→ EXERCISE PROMPT: Using the listing below, print exactly everything from the line with "Appartement te koop" down to the line with "Building Photo - 2914 N 10th St", both included, and nothing more.
_ _ _ _ _
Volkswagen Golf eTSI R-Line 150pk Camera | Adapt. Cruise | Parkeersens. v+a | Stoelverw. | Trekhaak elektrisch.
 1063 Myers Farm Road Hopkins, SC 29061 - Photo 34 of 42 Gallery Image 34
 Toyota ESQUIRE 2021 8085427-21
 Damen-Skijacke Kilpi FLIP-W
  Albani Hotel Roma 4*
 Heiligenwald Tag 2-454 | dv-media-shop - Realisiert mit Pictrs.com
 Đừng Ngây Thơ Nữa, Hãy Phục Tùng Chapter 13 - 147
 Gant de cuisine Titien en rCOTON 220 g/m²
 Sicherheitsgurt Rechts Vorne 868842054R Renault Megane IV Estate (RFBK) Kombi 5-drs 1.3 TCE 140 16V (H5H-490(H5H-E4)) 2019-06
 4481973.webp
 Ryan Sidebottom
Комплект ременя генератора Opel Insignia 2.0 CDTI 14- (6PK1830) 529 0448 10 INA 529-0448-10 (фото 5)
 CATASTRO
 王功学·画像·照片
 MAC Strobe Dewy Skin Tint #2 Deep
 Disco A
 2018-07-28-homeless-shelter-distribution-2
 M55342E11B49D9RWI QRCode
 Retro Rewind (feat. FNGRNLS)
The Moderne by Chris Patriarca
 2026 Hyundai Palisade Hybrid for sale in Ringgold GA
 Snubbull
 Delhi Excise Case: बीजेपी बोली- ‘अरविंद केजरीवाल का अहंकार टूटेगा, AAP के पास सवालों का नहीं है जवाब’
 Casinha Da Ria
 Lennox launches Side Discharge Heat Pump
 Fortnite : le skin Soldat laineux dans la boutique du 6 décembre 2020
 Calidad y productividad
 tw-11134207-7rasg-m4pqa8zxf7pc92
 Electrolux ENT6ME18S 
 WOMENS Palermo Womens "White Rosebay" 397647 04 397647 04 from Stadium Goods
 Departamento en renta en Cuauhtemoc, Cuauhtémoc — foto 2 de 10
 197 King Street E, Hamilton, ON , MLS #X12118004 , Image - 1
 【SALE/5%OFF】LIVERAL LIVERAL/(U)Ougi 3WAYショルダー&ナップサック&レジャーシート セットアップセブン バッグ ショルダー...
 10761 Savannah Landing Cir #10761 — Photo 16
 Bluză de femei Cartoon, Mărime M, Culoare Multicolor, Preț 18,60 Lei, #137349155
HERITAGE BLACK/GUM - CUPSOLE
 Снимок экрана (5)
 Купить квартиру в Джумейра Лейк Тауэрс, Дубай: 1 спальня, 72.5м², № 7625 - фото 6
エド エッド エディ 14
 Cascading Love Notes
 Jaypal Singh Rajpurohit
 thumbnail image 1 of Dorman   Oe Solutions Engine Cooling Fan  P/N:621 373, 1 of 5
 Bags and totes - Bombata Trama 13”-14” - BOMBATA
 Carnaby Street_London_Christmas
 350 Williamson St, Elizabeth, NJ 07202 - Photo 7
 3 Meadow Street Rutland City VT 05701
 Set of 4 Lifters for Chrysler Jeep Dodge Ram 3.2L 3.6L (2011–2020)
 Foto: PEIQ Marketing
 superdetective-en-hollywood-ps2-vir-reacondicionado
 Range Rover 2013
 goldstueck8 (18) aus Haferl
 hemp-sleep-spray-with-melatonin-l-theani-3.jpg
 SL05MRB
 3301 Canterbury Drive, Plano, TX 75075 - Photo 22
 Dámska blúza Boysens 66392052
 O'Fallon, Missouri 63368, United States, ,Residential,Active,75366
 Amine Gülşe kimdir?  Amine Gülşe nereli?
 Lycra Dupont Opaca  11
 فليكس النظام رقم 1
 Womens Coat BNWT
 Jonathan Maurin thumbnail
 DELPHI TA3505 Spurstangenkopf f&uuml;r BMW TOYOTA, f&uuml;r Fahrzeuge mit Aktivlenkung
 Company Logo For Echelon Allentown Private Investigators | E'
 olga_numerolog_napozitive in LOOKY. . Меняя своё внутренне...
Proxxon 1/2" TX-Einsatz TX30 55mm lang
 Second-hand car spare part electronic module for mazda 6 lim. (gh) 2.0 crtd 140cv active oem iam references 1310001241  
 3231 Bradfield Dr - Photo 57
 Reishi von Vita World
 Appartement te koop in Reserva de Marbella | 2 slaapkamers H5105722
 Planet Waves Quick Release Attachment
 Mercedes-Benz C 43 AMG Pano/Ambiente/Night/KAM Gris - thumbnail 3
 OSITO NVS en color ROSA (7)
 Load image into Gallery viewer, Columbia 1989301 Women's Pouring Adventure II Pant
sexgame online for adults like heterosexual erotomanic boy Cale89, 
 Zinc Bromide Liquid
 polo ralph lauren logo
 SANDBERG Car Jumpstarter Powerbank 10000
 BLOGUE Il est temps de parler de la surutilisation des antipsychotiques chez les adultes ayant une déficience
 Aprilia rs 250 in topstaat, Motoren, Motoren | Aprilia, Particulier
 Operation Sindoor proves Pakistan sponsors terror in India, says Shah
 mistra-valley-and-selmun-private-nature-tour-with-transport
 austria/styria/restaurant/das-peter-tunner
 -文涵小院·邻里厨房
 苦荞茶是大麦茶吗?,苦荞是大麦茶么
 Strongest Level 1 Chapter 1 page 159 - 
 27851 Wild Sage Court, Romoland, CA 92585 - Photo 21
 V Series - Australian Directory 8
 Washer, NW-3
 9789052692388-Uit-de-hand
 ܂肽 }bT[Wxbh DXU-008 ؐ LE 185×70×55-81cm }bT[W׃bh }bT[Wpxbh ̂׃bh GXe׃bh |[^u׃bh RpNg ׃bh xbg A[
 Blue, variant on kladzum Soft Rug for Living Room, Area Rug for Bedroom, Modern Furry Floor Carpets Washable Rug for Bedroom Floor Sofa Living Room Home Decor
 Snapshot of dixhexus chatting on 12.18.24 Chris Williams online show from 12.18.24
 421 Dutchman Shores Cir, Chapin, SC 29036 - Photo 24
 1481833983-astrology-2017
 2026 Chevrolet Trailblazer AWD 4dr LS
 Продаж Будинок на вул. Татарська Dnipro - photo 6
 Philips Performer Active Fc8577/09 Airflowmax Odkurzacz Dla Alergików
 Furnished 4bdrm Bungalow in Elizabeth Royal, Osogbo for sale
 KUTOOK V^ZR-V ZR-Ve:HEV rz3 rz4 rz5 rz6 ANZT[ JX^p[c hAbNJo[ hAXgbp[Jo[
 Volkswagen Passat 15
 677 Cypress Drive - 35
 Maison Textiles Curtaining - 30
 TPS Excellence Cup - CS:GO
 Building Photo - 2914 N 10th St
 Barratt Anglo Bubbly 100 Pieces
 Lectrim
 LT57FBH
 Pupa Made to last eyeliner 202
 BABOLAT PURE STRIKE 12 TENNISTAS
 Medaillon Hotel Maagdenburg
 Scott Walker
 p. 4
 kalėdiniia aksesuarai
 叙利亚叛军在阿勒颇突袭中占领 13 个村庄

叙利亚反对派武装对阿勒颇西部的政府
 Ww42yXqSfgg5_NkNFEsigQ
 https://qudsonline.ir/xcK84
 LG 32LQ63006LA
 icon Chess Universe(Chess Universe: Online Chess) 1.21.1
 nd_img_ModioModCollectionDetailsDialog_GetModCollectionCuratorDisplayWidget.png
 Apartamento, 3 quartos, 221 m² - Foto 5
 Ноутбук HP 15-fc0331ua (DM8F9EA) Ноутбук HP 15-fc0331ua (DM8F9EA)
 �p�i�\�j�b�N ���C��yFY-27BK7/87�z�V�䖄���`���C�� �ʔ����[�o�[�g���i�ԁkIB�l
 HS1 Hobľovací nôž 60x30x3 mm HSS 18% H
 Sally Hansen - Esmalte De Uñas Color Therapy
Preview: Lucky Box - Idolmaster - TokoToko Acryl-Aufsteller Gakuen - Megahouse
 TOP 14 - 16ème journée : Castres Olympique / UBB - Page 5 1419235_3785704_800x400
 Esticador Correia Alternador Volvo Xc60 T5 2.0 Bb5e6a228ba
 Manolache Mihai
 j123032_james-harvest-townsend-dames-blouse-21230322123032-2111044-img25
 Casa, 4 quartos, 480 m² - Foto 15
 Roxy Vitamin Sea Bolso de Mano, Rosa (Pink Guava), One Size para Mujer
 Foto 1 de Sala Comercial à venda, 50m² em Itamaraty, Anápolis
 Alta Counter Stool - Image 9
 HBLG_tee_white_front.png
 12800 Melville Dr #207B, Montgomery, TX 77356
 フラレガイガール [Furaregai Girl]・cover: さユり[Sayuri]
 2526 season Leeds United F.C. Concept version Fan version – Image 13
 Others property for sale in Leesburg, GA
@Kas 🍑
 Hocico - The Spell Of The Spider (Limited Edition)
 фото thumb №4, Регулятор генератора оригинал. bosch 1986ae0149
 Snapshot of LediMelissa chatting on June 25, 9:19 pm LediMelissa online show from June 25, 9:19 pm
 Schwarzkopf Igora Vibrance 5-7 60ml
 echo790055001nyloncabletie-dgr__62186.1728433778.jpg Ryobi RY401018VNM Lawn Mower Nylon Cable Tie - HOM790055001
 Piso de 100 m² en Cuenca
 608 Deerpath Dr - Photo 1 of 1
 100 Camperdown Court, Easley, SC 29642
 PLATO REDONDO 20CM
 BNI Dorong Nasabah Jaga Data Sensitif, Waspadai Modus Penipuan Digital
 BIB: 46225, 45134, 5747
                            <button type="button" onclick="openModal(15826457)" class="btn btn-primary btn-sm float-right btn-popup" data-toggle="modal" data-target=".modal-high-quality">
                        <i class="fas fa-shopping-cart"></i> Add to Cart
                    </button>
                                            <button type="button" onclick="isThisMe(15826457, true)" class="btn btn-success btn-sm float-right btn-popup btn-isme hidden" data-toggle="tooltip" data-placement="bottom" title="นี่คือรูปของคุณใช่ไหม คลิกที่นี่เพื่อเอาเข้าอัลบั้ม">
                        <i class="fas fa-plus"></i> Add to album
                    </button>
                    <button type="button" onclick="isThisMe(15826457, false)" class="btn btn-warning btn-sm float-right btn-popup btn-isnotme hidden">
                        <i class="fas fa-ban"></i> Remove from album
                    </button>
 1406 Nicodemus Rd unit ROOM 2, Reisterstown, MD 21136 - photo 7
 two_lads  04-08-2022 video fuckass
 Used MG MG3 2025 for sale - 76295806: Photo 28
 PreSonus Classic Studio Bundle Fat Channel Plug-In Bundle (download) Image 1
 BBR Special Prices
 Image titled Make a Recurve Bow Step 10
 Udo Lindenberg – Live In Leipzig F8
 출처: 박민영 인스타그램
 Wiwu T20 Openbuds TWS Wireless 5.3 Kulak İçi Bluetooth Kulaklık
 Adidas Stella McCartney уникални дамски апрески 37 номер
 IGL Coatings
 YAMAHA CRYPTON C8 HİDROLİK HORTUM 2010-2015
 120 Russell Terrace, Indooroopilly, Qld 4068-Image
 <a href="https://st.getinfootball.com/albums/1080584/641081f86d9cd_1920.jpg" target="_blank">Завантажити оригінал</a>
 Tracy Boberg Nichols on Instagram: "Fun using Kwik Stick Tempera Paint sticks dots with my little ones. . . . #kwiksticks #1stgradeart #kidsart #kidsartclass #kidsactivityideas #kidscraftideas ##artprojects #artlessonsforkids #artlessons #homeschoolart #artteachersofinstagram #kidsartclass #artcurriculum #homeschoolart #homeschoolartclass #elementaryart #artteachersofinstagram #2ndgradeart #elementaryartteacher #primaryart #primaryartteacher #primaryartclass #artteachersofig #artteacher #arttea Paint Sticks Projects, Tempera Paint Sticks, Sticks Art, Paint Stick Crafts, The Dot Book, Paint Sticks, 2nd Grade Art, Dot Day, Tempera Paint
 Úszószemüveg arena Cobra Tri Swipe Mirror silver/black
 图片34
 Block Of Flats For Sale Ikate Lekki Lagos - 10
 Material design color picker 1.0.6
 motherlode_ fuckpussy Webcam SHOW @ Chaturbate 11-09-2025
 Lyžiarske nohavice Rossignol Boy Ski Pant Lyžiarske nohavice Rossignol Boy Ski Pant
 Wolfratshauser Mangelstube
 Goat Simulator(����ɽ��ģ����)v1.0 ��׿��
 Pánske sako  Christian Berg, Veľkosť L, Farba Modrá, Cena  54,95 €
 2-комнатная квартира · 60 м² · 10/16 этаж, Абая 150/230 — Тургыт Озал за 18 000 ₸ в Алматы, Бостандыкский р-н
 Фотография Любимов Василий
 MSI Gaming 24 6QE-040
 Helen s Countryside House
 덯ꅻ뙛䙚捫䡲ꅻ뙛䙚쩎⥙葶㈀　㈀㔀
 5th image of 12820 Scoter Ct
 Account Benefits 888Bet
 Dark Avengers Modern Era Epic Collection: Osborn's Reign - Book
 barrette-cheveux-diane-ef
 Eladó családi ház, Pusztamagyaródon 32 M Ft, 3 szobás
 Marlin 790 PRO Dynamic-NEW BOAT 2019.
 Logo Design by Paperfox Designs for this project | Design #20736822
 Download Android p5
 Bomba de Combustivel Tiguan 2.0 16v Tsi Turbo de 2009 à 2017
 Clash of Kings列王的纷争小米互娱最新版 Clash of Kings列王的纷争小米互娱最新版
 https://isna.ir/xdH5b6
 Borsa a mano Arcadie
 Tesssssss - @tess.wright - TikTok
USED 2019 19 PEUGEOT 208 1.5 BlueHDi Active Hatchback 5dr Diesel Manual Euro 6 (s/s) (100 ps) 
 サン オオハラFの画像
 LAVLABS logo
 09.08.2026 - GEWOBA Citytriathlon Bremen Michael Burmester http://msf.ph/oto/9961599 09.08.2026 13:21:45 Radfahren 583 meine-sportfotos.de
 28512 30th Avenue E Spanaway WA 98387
_ _ _ _ _
→ RESPONSE TO THIS EXERCISE:
 Appartement te koop in Reserva de Marbella | 2 slaapkamers H5105722
 Planet Waves Quick Release Attachment
 Mercedes-Benz C 43 AMG Pano/Ambiente/Night/KAM Gris - thumbnail 3
 OSITO NVS en color ROSA (7)
 Load image into Gallery viewer, Columbia 1989301 Women's Pouring Adventure II Pant
sexgame online for adults like heterosexual erotomanic boy Cale89, 
 Zinc Bromide Liquid
 polo ralph lauren logo
 SANDBERG Car Jumpstarter Powerbank 10000
 BLOGUE Il est temps de parler de la surutilisation des antipsychotiques chez les adultes ayant une déficience
 Aprilia rs 250 in topstaat, Motoren, Motoren | Aprilia, Particulier
 Operation Sindoor proves Pakistan sponsors terror in India, says Shah
 mistra-valley-and-selmun-private-nature-tour-with-transport
 austria/styria/restaurant/das-peter-tunner
 -文涵小院·邻里厨房
 苦荞茶是大麦茶吗?,苦荞是大麦茶么
 Strongest Level 1 Chapter 1 page 159 - 
 27851 Wild Sage Court, Romoland, CA 92585 - Photo 21
 V Series - Australian Directory 8
 Washer, NW-3
 9789052692388-Uit-de-hand
 ܂肽 }bT[Wxbh DXU-008 ؐ LE 185×70×55-81cm }bT[W׃bh }bT[Wpxbh ̂׃bh GXe׃bh |[^u׃bh RpNg ׃bh xbg A[
 Blue, variant on kladzum Soft Rug for Living Room, Area Rug for Bedroom, Modern Furry Floor Carpets Washable Rug for Bedroom Floor Sofa Living Room Home Decor
 Snapshot of dixhexus chatting on 12.18.24 Chris Williams online show from 12.18.24
 421 Dutchman Shores Cir, Chapin, SC 29036 - Photo 24
 1481833983-astrology-2017
 2026 Chevrolet Trailblazer AWD 4dr LS
 Продаж Будинок на вул. Татарська Dnipro - photo 6
 Philips Performer Active Fc8577/09 Airflowmax Odkurzacz Dla Alergików
 Furnished 4bdrm Bungalow in Elizabeth Royal, Osogbo for sale
 KUTOOK V^ZR-V ZR-Ve:HEV rz3 rz4 rz5 rz6 ANZT[ JX^p[c hAbNJo[ hAXgbp[Jo[
 Volkswagen Passat 15
 677 Cypress Drive - 35
 Maison Textiles Curtaining - 30
 TPS Excellence Cup - CS:GO
 Building Photo - 2914 N 10th St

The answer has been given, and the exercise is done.